Just to give a little more information on the system I'm thinking of: I
envisage that when a user submits a message, it will be encrypted with
the server's public key and transmitted to the server. The server will
decrypt it, look up the user's public key (if any), encrypt it, and write
it to the user's mailbox. In my DOS LAN based system, the messages will
be transmitted to the server in a publicly accessible directory, hence
the need for encryption of that step. This is the default behaviour. If
the user wishes to add extra encryption layers to protect themselves from
snoops on the server system, they can do so using normal PEM mechanisms.
I'm also thinking of using similar methods to encrypt UUCP mail and news
batches that are transmitted between systems. e.g. the user submits a
message to the server which is destined for a remote system. The server
decrypts it as before, and then re-encrypts it with the remote system's
public key before tossing it into the spool.
This way, the clients do not need to have full knowledge of the routing
algorithms used by the server to add the required enhancements themselves.
To them, they are submitting a plaintext message which just happens to be
automatically processed to add any privacy enhancements that the sysadmin
deems necessary. Further gadgetry such as Steve's automatic user-level
encryption could also be added to the server.
- Forwarding protected mail to a portable or other remote user agent where
either the remote host or the communications channel inbetween is insecure
or untrustworthy (,and may be only intermittently connected).
- Portable or remote hosts with user agents that share or divide mail
folders, such as duplicated inboxes, that need updating and alignment.
These could probably be handled by bolting encryption extensions onto the
POP3 and IMAP protocols, and maybe also SMTP. I don't know of any work in
this area.
- The delay (mucho processing time) needed when changing certificates on
everything stored that's analogous to decrypting/reencrypting disks or
directories when an encryption password is changed.

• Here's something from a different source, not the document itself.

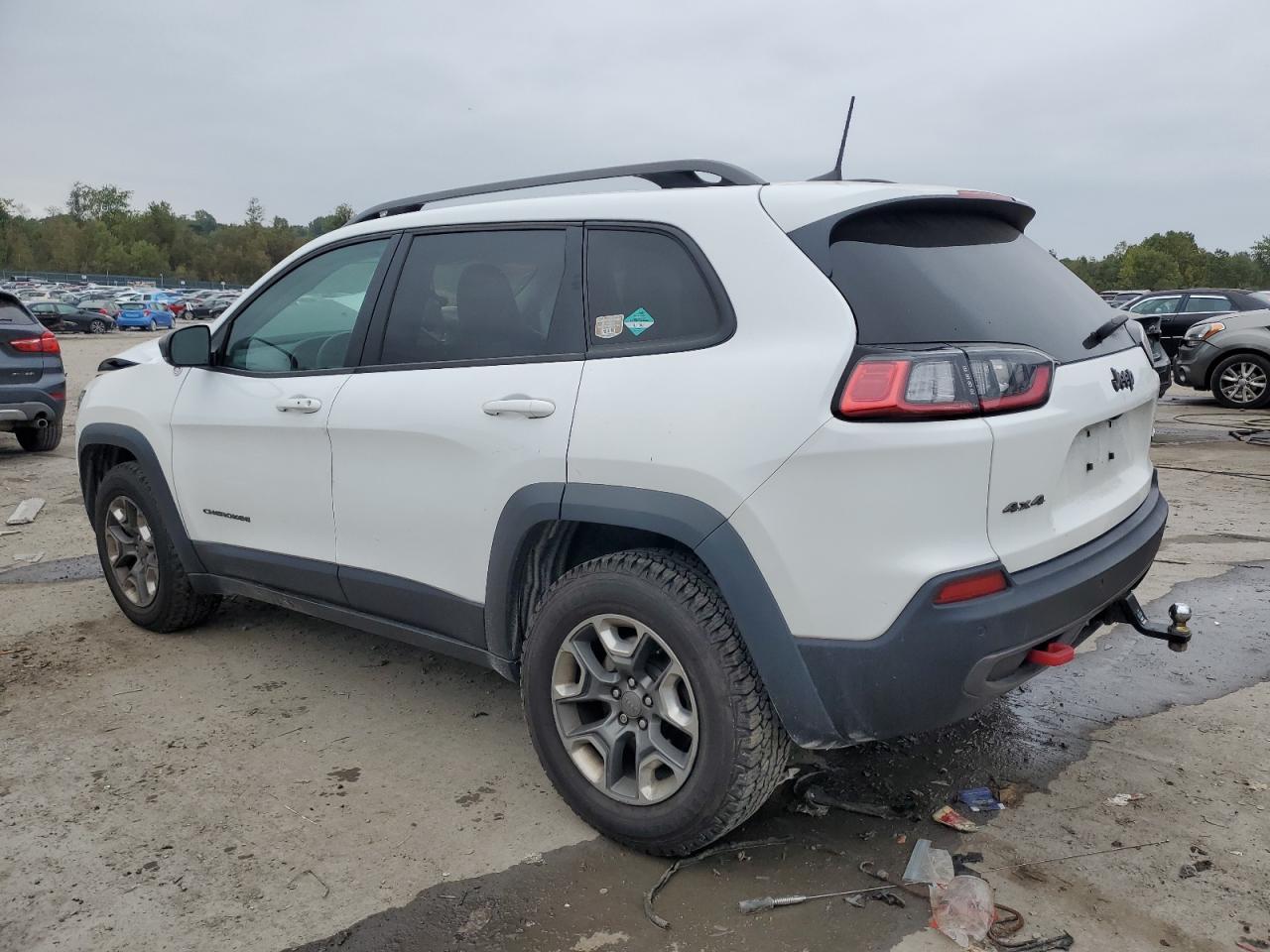 2019 Jeep Cherokee - Image 2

With a public key based system, 99% of the time it will be the passphrase
that changes which won't affect previously encrypted disks. If the key
pair changes, then only the session key header blocks on each file will
need to be changed to decrypt with the old key pair, and then encrypt with
the new key pair. Not really a PEM problem, although providing this as
an option on stored PEM messages would certainly be useful.
Cheers,
Rhys.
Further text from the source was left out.